The tribute goes to his mom Debbie, a school administrator, who diligently drove him and his two sisters, Whitney and Hilary, to swim in their hometown of Baltimore. As a single mom, she also helped him through his ADD and proved to be a loving, supportive parent — and a smart one too.
Since Michael’s father Fred, a retired state trooper, was an invisible presence in their lives after the 1994 divorce, Debbie realized that swimming was a great release for her young son.
When he was 11, Michael Phelps bonded with swimming coach Bob Bowman, who became a surrogate father figure to the young boy. This often happens when a father figure is absent. A smart mother often tries to find another male figure, either in a relative such as an uncle, or perhaps a coach.
Only 9.2 percent of households are run solely by single moms and the challenges often result in higher high school drop-out rates and behavioral problems. However, with the right parenting, focus, and outlets, children are less impacted and can learn other lessons from the experience.

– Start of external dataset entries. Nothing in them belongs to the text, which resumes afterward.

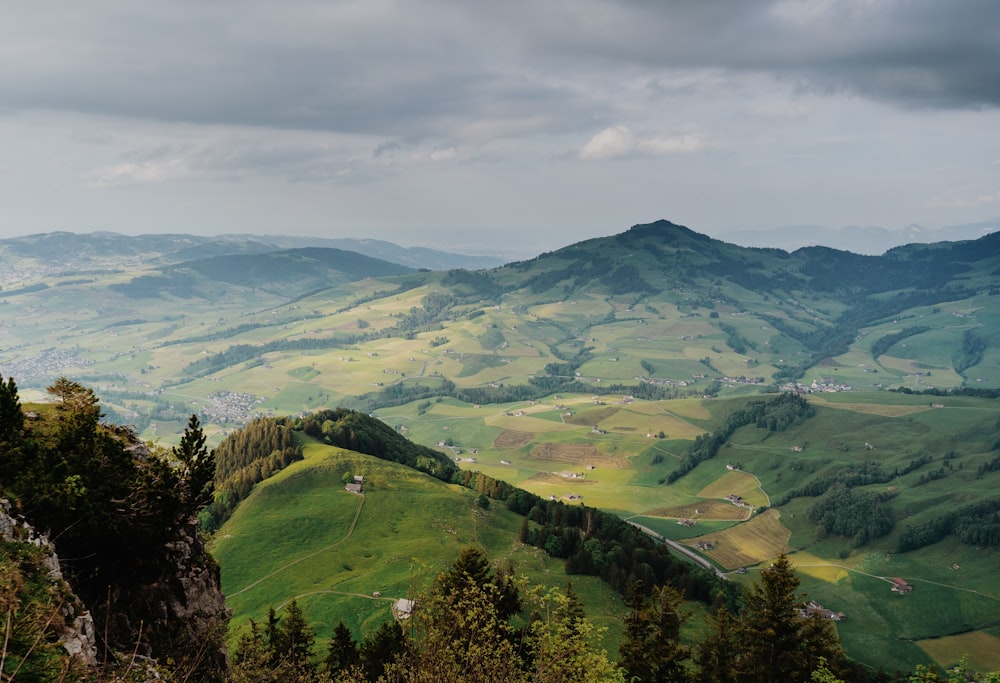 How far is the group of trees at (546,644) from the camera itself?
31281mm

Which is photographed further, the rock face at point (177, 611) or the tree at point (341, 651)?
the tree at point (341, 651)

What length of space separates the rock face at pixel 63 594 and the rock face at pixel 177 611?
474 centimetres

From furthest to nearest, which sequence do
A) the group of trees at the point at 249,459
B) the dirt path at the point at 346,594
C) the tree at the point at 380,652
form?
1. the group of trees at the point at 249,459
2. the dirt path at the point at 346,594
3. the tree at the point at 380,652

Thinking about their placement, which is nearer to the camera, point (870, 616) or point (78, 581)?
point (78, 581)

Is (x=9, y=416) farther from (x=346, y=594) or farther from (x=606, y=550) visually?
(x=606, y=550)

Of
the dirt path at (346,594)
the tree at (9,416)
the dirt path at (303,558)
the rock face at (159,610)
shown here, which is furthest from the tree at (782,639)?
the dirt path at (303,558)

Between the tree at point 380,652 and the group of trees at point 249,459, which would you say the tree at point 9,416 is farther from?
the group of trees at point 249,459

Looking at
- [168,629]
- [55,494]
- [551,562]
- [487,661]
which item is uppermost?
[55,494]

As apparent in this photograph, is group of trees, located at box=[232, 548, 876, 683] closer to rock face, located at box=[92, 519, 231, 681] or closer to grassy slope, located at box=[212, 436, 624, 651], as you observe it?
rock face, located at box=[92, 519, 231, 681]

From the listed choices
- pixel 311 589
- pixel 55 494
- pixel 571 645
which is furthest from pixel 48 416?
pixel 311 589

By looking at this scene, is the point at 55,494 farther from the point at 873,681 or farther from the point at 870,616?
the point at 870,616


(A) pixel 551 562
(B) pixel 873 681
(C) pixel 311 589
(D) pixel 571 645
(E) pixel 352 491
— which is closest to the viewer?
(D) pixel 571 645

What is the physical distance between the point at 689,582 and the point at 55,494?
129428 millimetres

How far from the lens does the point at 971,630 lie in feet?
598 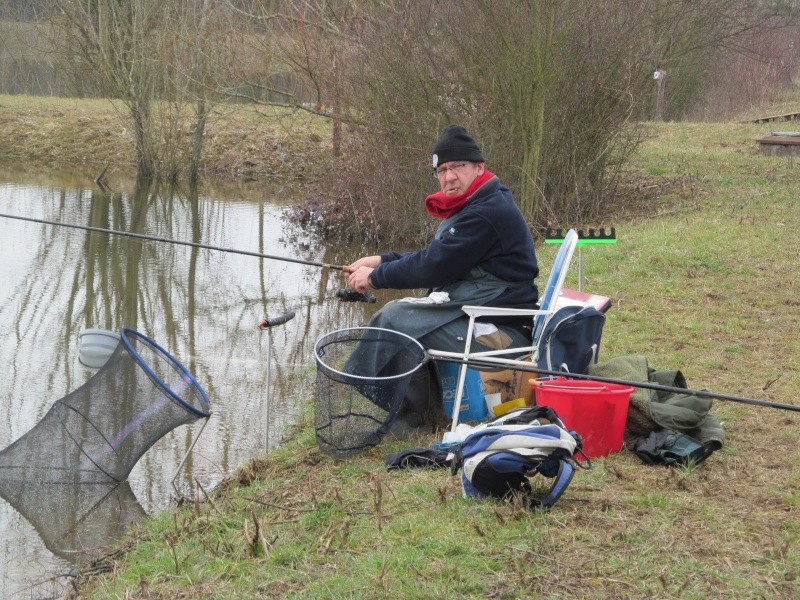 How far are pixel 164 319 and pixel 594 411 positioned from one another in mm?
5376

When asked about his father in interviews, Phelps has said that they occasionally “email” but shrugs his big shoulders when asked how it impacted him. He always refers to the love his mother Debbie gave him and his sisters.
But a philosophy of coping did emerge from this experience. Although a fierce competitor, Phelps is known to take the rare defeats in stride or even the pressure of constant competing. His famous saying is, “Whatever happens, happens.”
It is no surprise that a boy who didn’t have a father throwing baseballs, going to swim meets, or playing lacrosse with him had to find ways to make sense of this disappointment.